Thursday, July 13, 2017

The Reasons Your Budget Isn't Working

Do you make a budget on a regular basis? Have you got good intentions to get your finances in order, but still find that you’re way off every time you approach the end of the month? Budgeting is really beneficial for those who want to take control of their money, but it doesn’t work unless it’s done properly. If your budget isn’t panning out quite as you planned, and you find that your figures aren’t adding up, here are some reasons why. 


You’re not using accurate information 

Be honest. When you’re budgeting, do you input accurate information or do you use estimates? Even if you’re only slightly out, if you’re not on point with every single payment, this can make a massive difference when it comes to calculating how much you’re bringing in versus how much you’re spending. If you’ve underestimated, even by a couple of dollars on each entry, this can put you out by a considerable margin when it comes to totting up the total. Use a paystub maker to keep track of exactly how much you earn each month and itemize your outgoings. In most cases, you receive bills for your phone, TV package, and electricity a month in advance, so you can use the exact figure for your budget the following month. If you estimate that you spend $60 a month on gas at home and a bill comes for $100 because it’s winter and you’ve had the heating on, going on average payments isn’t going to work. 

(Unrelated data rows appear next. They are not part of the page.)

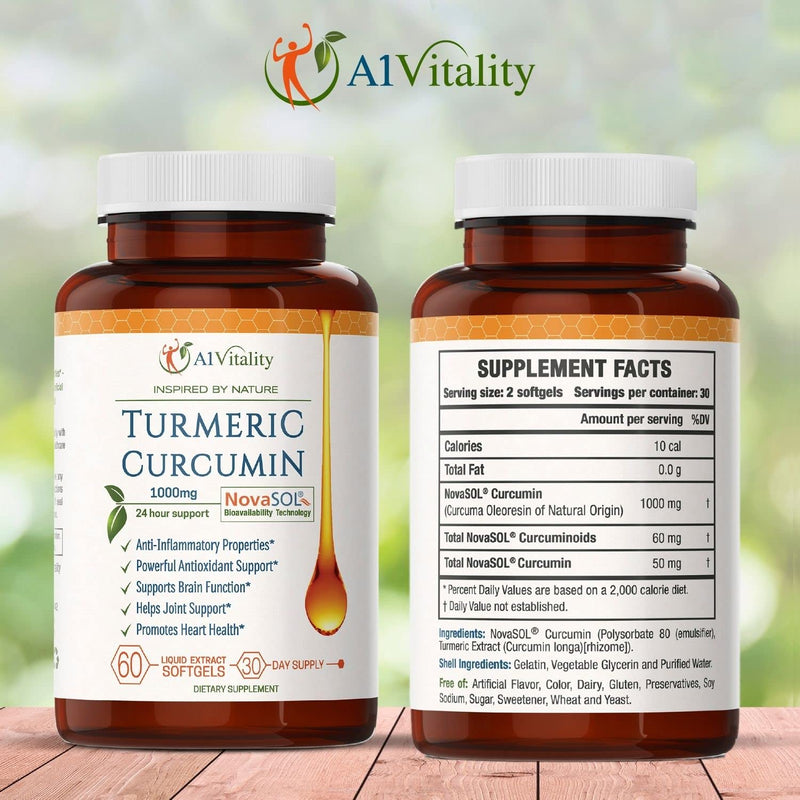 A1 Vitality Turmeric Curcumin NovaSOL Supplements 1000mg More Potent Than Bioperine - Inflammation, Joint Pain Relief - 185x Bioavailable Than Turmeric Black Pepper Capsules – Best Natural Softgels - NewNest Australia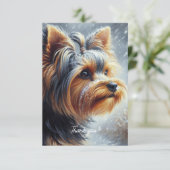 Niedliche Yorkshire Terrier Winterlandschaft Dankeskarte (Stehend Vorderseite)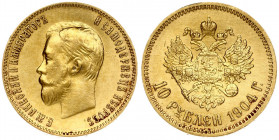 Russia 10 Roubles 1904 (AP) St. Petersburg. Nicholas II (1894-1917). Averse: Head left. Reverse: Crowned double imperial eagle ribbons on crown. Gold....
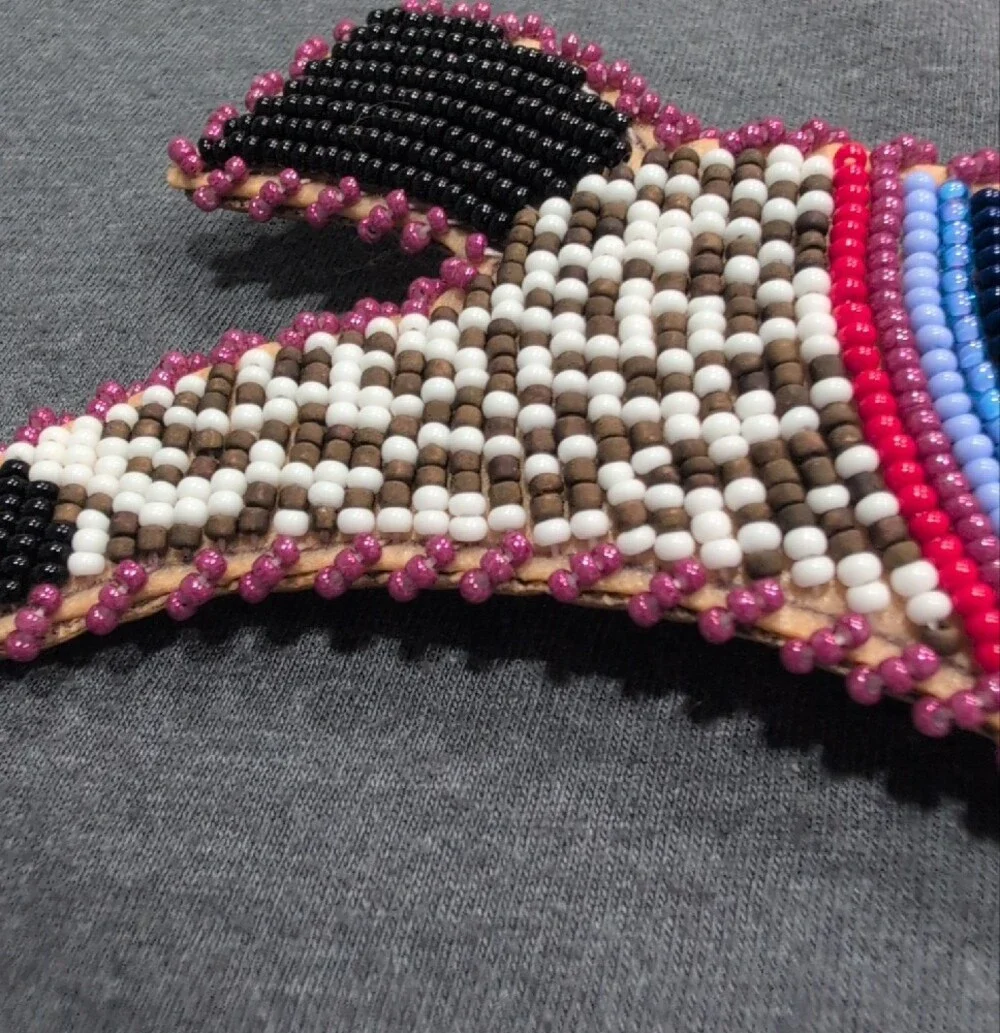 Navajo Made Beaded Pony Hairclip for Kids — Pink, Blue & Black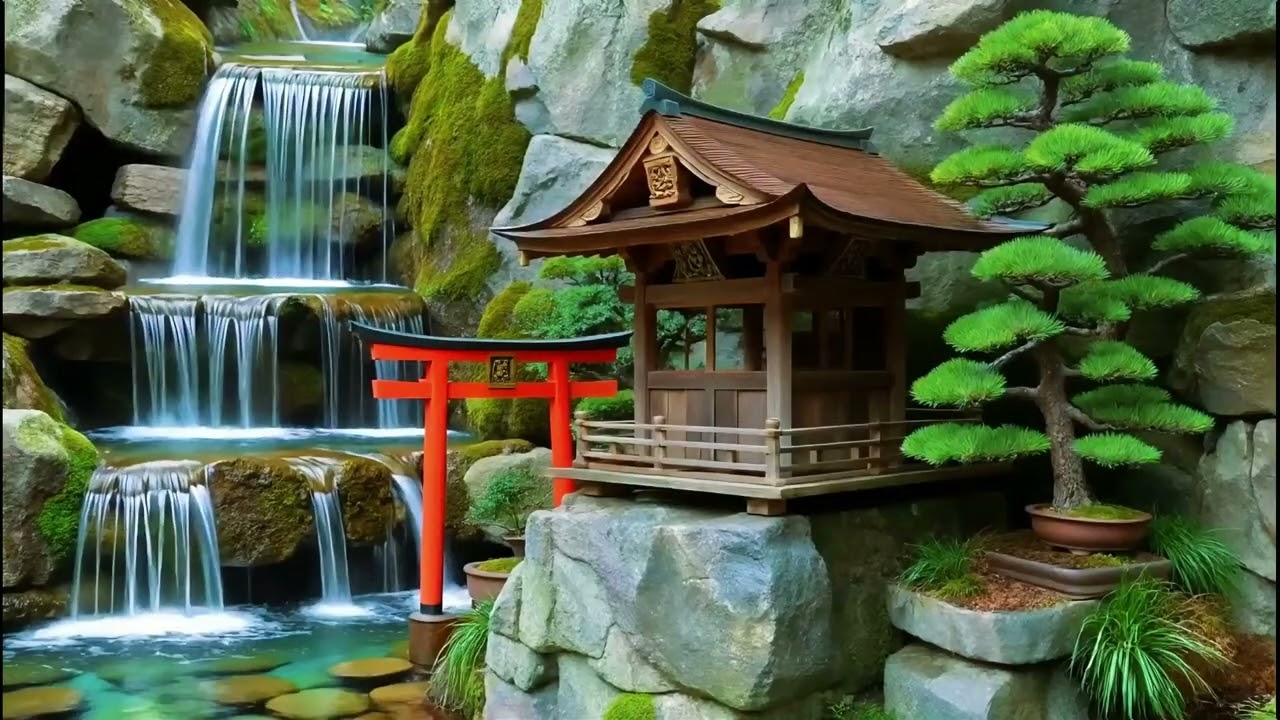 🌸 Magical Japanese Waterfall Shrine 🏯 Relaxing Zen Garden Ambience with Water Sounds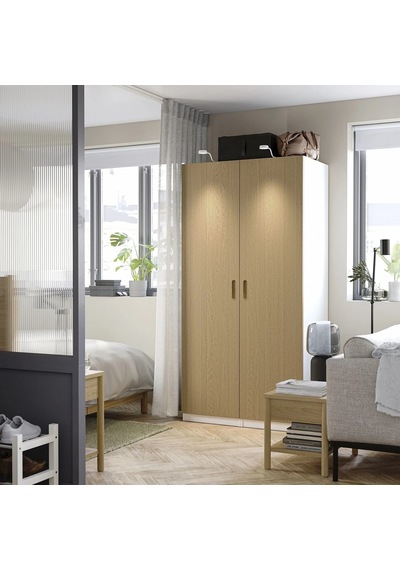 Ikea Beyaz Geniş Kapaklı Gardırop 100x60x201 Cm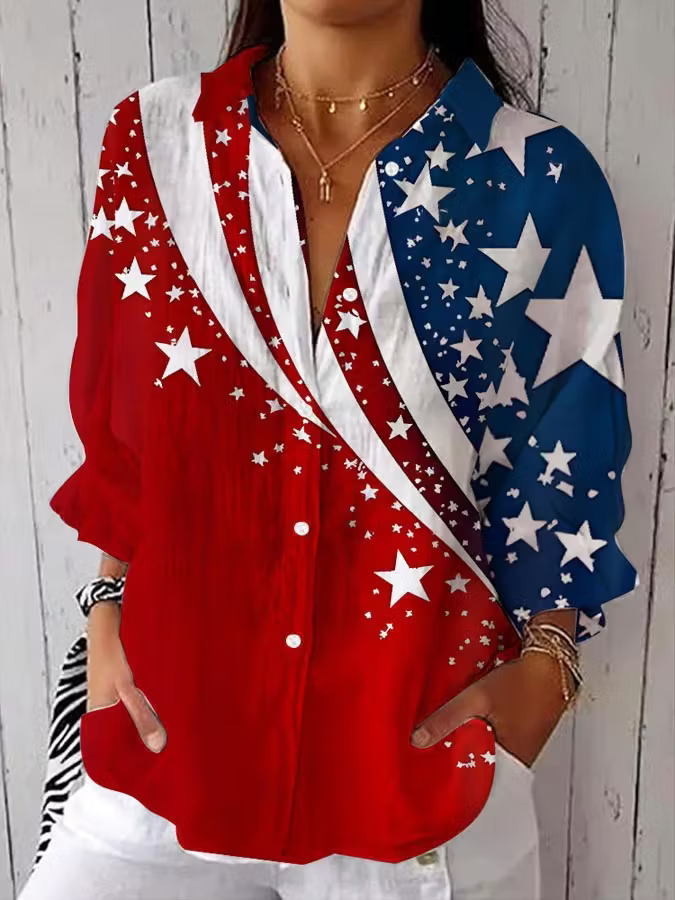 Women's Independence Day Star Pattern Casual Lapel Shirt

You’re not updating your budget

We all know that things can happen that can blow a budget out of the water, but even minor changes can make a difference. Update your budget as you go. If you’ve ended up spending more on a trip than you intended to, note down the revised figure. If you’re up to date, you’ll have a much better idea of how much you’ve got left to spend. Using a spreadsheet or an app will make it really easy to adjust your budget throughout the month. 

You’re being unrealistic 

When you put a budget together, it’s essential to be realistic. If you’re expecting to survive on a total expenditure $50 a week, you’re not going to be able to do this. It’s good to be frugal if you’re trying to save, but that shouldn’t come at a price. Use past budgets to determine how much you would normally spend, and base your new budget on that figure. If you usually spend $500 a month on groceries, it’s not going to be possible to reduce this to $200, but there may be savings you can make. Set the new budget at $400 and see how you get on. 

If you’ve been trying to budget without success, there may be some good reasons why. Budgeting can be incredibly beneficial, but you have to go about it in the right way to reap the rewards. Be realistic, use accurate, up to date information, and don’t forget to record any changes.